North of the border, Labour also made some impressive gains in the 2017 general election. And it knows it has no hope of a Commons majority unless it can win back yet more SNP seats. Given that, will it have helped the Scottish Labour party or hindered it that Mhairi Black claims Corbyn told her privately he backed independence? Yes, the SNP MP made waves this weekend with her HuffPost interview in which she said the Labour leader had ‘sold his soul’ on not just independence but austerity too. Labour sources described Black’s allegation as ‘complete nonsense’, but the shockwaves are still being felt locally.
5. GENERATION GAME
Given that her entire snap election gamble blew up spectacularly over the ‘dementia tax’, Theresa May could be forgiven for being wary about anything that irritates pensioners in policy. But she and Jeremy Hunt know that they have to grasp the nettle of funding health and social care for our ageing population and today’s Intergenerational Commission (headed by David Willetts) offers some pointers for all the political parties.

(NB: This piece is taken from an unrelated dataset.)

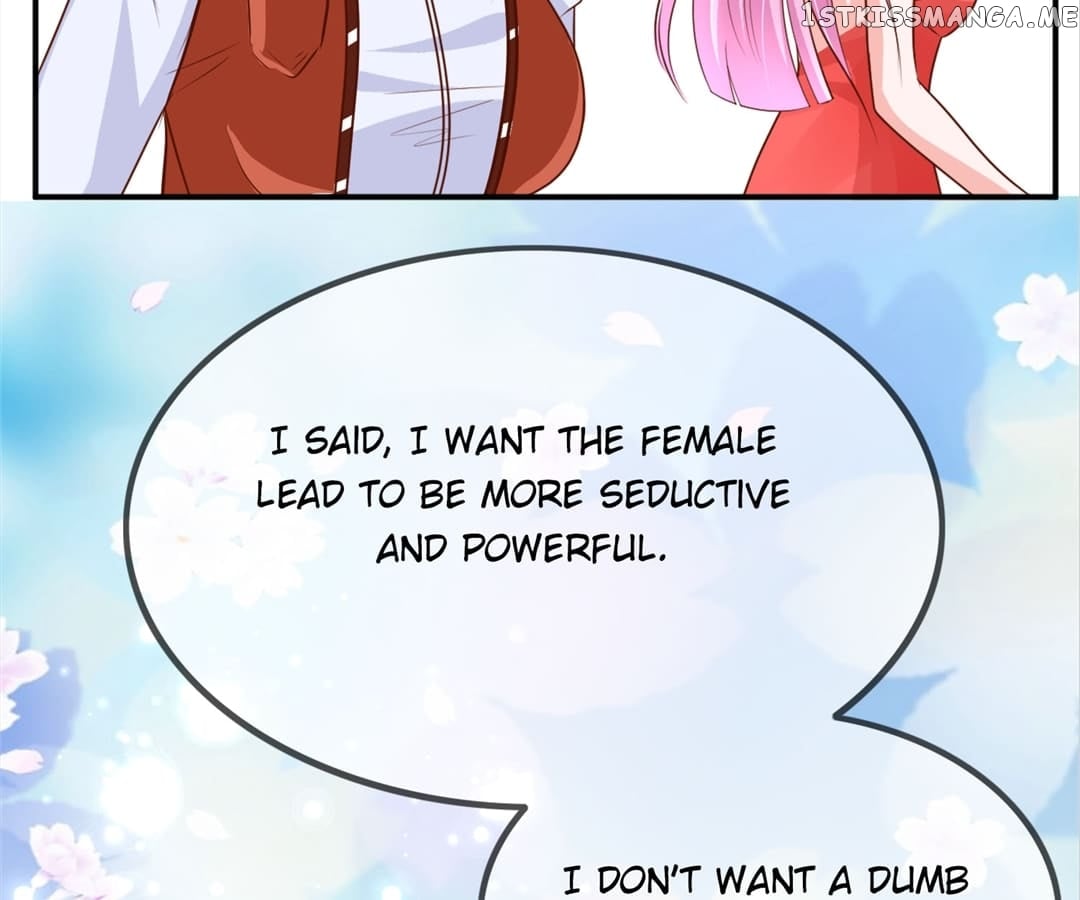 Counter-Attack of a Pregnant Actress chapter 4 - page 44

The Commission’s idea of a £10k lump sum for Millennials to get on the housing ladder is what triggered most headlines. More interesting is a new £2.3bn NHS levy, funded by applying National Insurance Contributions to pensioners’ earnings and, at a lower rate, to the income of richer pensioners. It’s long been bizarre that pensioners who keep on working are excluded from paying NI. After 22 reports and two years’ work, few can dismiss the Commission’s findings. Now let’s see if Hunt’s own Green Paper, due next month, at least has the option of extending NI.